Purpose
Clean up URL with invalid format and/or excessive information.
Category Location: All, clean or normalize
Field Description
- URL attribute to clean-up: Select the attribute to clean.
- Write fixed URL to: Select or create the attribute to write the cleansed data to.
- Advanced Configurations: Select the reference data source to use - we highly suggest using the default reference data source.
- Include HTTPS:// in cleaned URL data: Check this box to add http:// to all records. If the original value contains https:// it will retain this value, if it adds the value, it will be added as http:// .
- Keep www. prefix in cleaned URL: Check this box to retain the www. in the URL - please note that this will not add www. to the field, it will just retain it if it already exists.
- Convert Unicode to Punycode: Check this box to convert Unicode URL to Punycode. Learn more about Punycode here.
Tips
- This task corrects URL format and invalid suffix, as well as pruning off parts of the URL beyond the domain.

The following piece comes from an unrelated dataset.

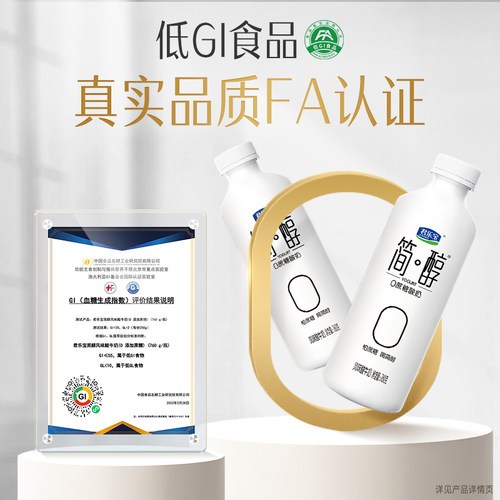 君乐宝简醇0蔗糖低温风味酸牛奶低GI含膳食纤维量贩装760g生牛乳 - 图2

- This task does not validate the URL is a working URL.
- This task does not validate the URL against any known email database.
- Any URL that cannot be reformatted will be copied in its original form.
- If an URL has no suffix at all, the task will add ".com" to the end of the email.
- This task requires the use of a Reference Data Source that contains the list of valid suffixes on the Internet. We highly recommend you use the Openprise reference Reference – Domain Suffixes.
Examples of URL Cleanup
- "https://www.openprisecloud.com/daass/#/support/" becomes "openprisecloud.com"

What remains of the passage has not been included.